● **WORK TO BE COMPLETED**
Restate, word for word and with no pictures, the stretch of lines in the data below that begins at the line with "Bateau sur une" and ends at the line with "Trina Turk Silvery", inclusive.

● **PROVIDED RECORDS**
━━━━━━
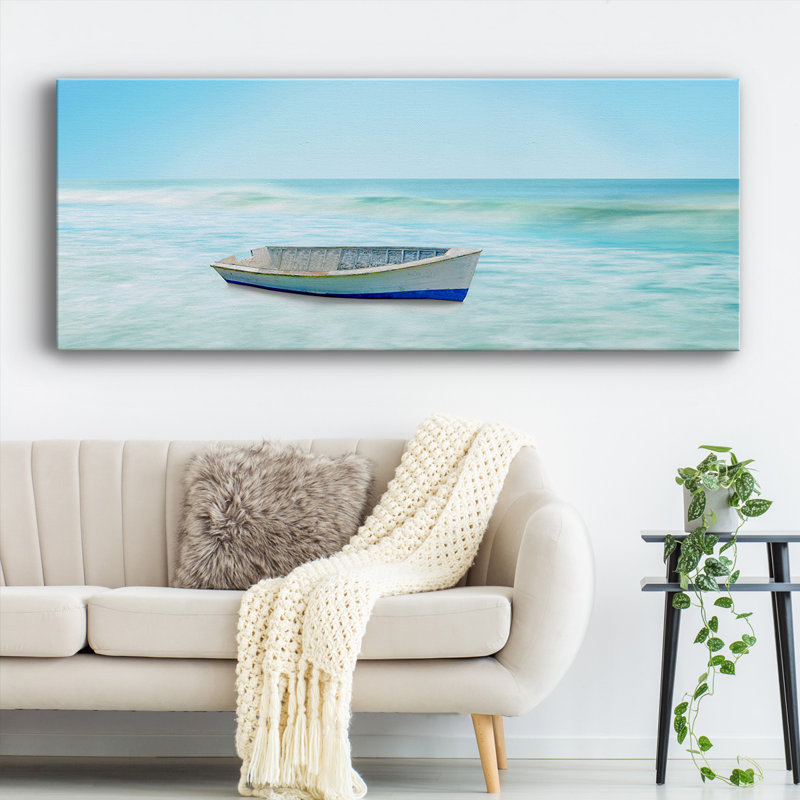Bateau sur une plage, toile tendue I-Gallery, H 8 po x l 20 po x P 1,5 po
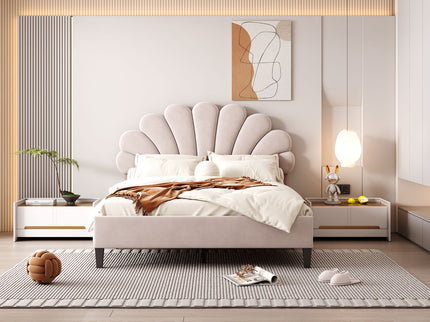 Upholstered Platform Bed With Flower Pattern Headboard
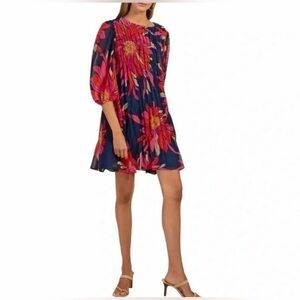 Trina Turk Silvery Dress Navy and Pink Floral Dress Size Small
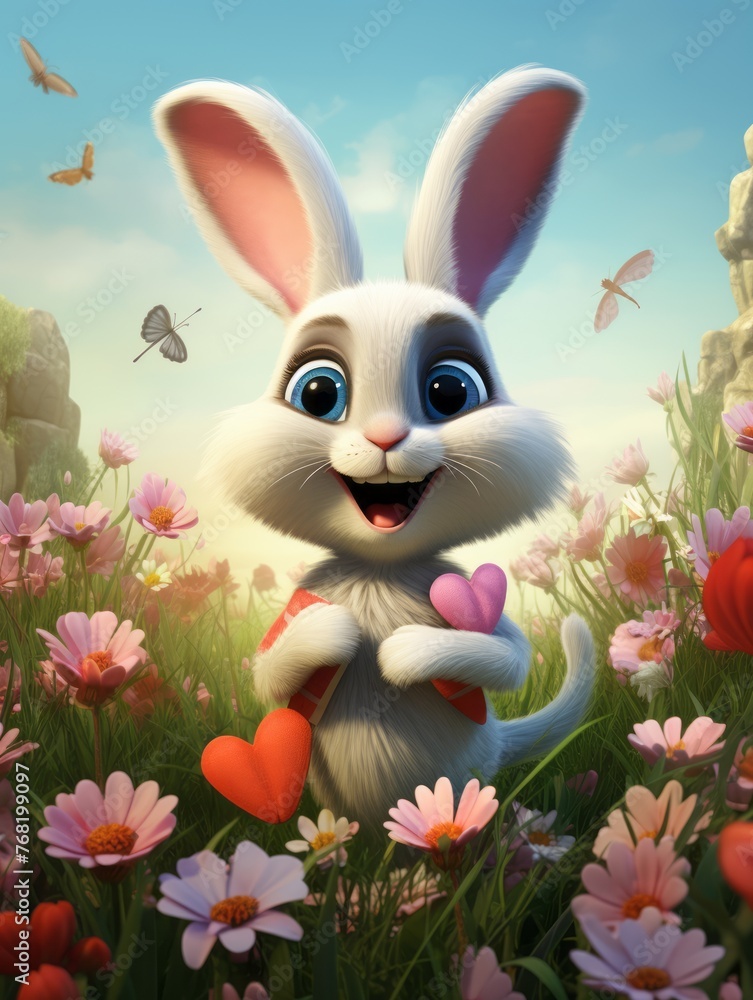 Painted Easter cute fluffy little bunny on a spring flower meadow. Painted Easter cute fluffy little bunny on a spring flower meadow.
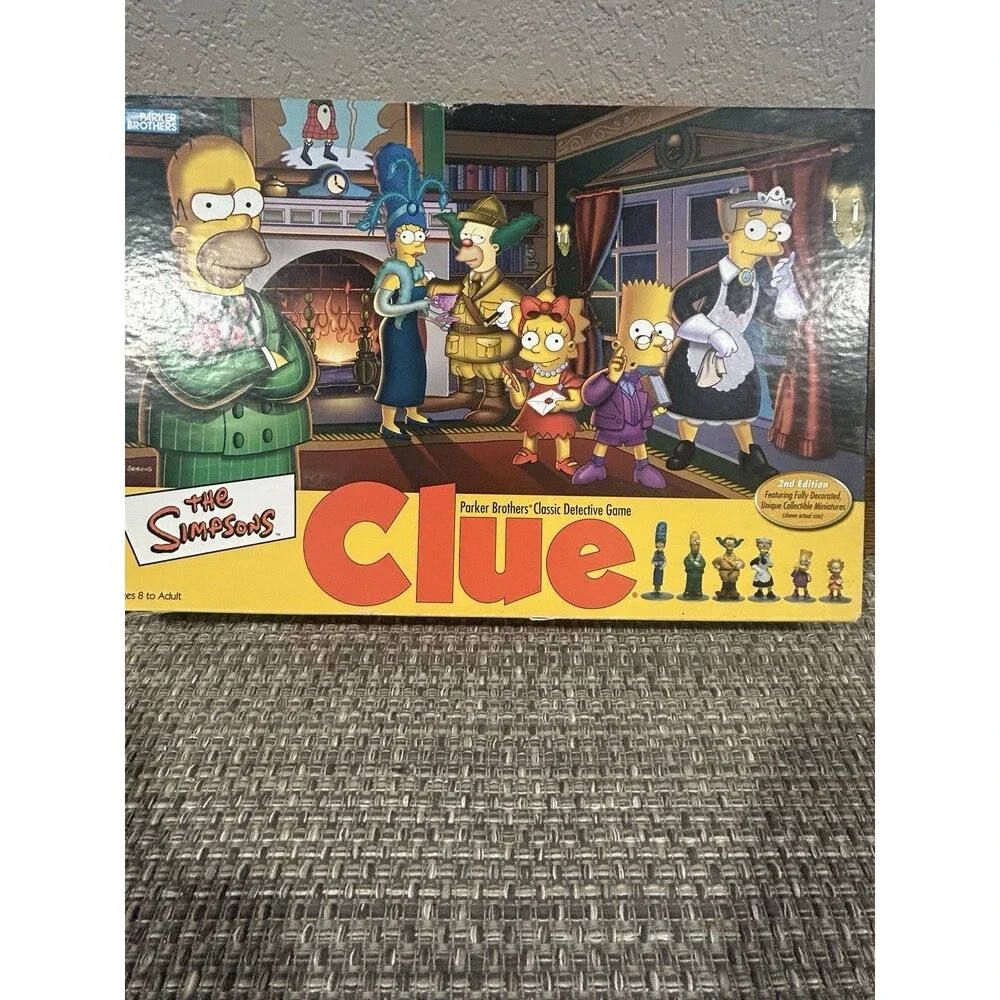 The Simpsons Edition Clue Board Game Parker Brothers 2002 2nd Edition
━━━━━━
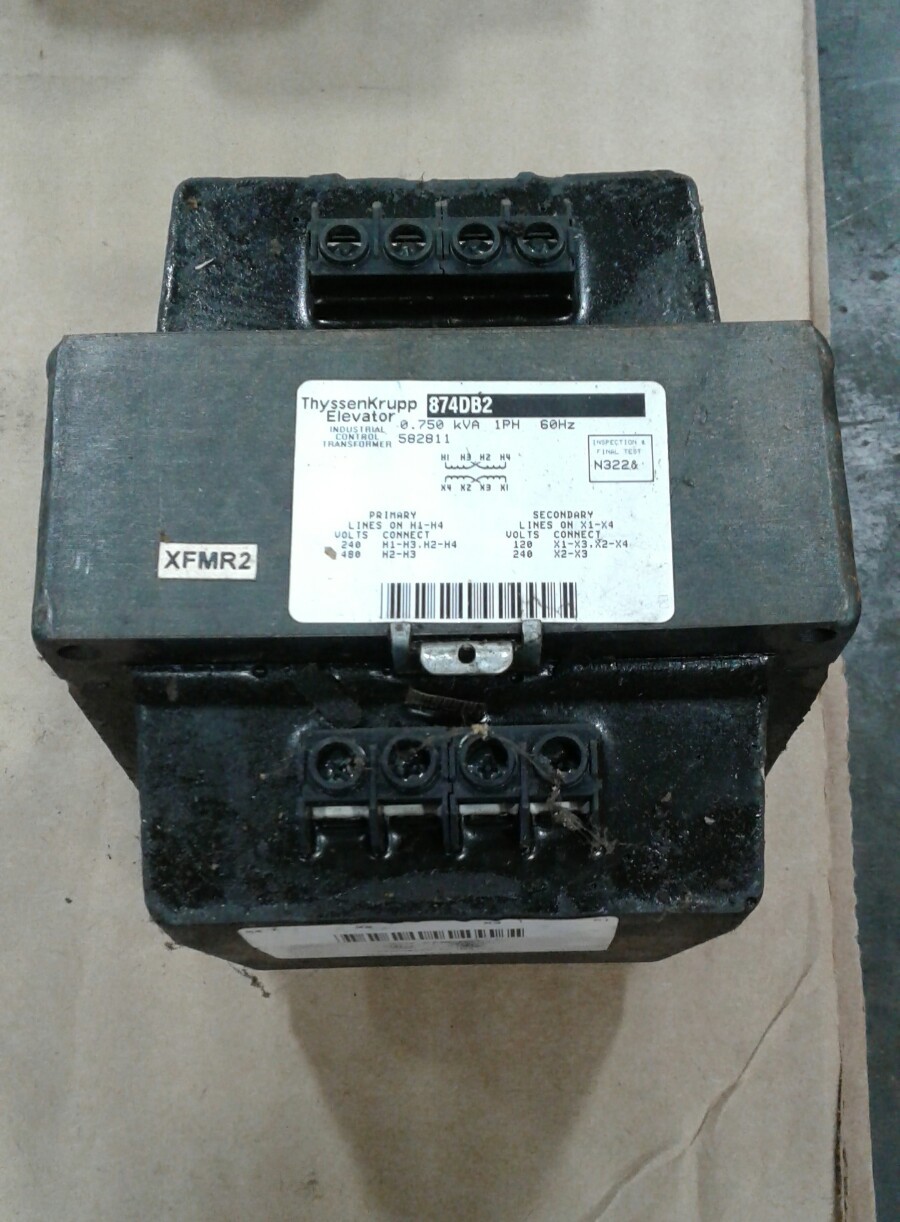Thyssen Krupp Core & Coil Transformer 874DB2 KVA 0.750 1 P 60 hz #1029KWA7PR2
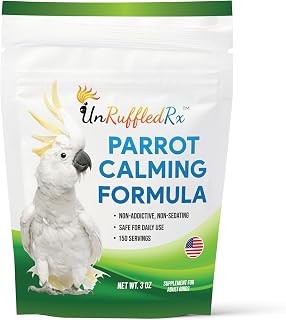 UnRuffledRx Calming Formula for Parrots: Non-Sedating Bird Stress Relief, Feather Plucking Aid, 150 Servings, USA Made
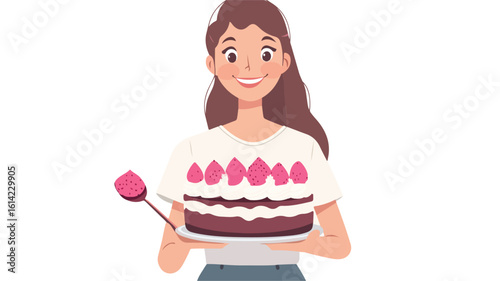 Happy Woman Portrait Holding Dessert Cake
━━━━━━
● **ANSWER TO THIS EXERCISE**
Bateau sur une plage, toile tendue I-Gallery, H 8 po x l 20 po x P 1,5 po
 Upholstered Platform Bed With Flower Pattern Headboard
 Trina Turk Silvery Dress Navy and Pink Floral Dress Size Small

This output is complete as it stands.